Daario doesn’t agree with that either though and he says, “Everyone has a choice. Even slaves have a choice: death or slavery.” Those two dire options might not seem applicable to a person in complete power, but often the actions a ruler makes will determine if they come under attack or not. Make the wrong choice, especially the selfish one, and—as frequently happens on this show—you end up dead. Ask Robb Stark about marrying for love.

We see the terrible results for a different queen in this episode when she puts herself above her duty.
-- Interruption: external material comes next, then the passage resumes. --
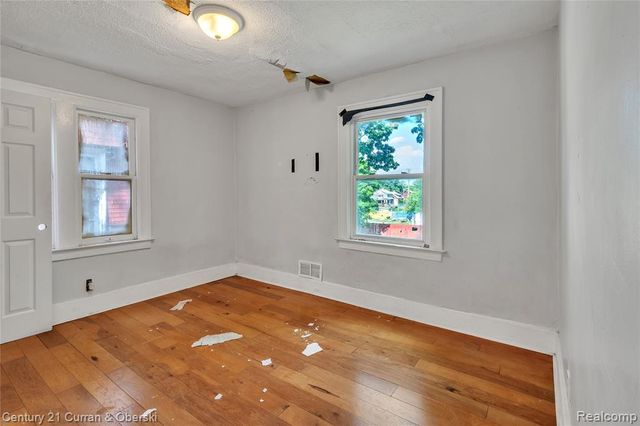16523 Log Cabin Street, Highland Park, MI 48203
Cersei’s personal desire—borne out of hatred and fear—to act in her own self interest (destroying House Tyrell and keeping her power) rather than doing what’s best for the family (being a strong ally at her own expense), gets her locked up in the Sept of Baelor and puts her on a path that ends up with her son Tommen dead, and possibly herself soon enough.


We know that despite doing what she thinks is right in marrying Hizdahr, it will blow up in Daenerys’ face (no one said the unselfish option always works, being in charge is a heavy burden), but even when she does finally gain full control over Slaver’s Bay and leaves for Westeros, she leaves Daario behind, choosing duty over love. (By then she is far more cynical though, feeling nothing but annoyance at having even speak with Daario about it. Power has hardened her, another sacrifice one must make to rule well.)

This is in contrast to the other known Targaryen in the world, Maester Aemon. Back at Castle Black he passes away (a scene still as sad as ever), at over one hundred years old. But he never had to be there at all—he could have sat on the Iron Throne himself.  Before he came to the Wall he was quietly offered the crown, but he rejected it, and rather than stay and be used as a threat against his brother Aegon (a.k.a. Egg) he took the black so he could serve the realm in anonymity.


He is the only on-screen character to die of natural causes, having served under 12 Lord Commanders. As Sam says, “No man was wiser, or gentler, or kinder.” And while the world forgot he was there, and the history books will simply note him as the Targaryen who said no to being king, he touched the lives of thousands of Night’s Watch brothers and helped to protect tens of thousands more in Westeros.

He shunned power, and instead died an old man in his bed, beloved, worthy of as much honor and respect as anyone who has ever sat on the Iron Throne. Will Daenerys be able to live that kind of life? Will Jon Snow or Cersei? No one in power has been afforded that kind of end yet.


And even though he is gone, the wisdom Aemon passed on to Sam and Jon might help save all of the living from the army of the dead, and what greater power could anyone have ever wielded than that?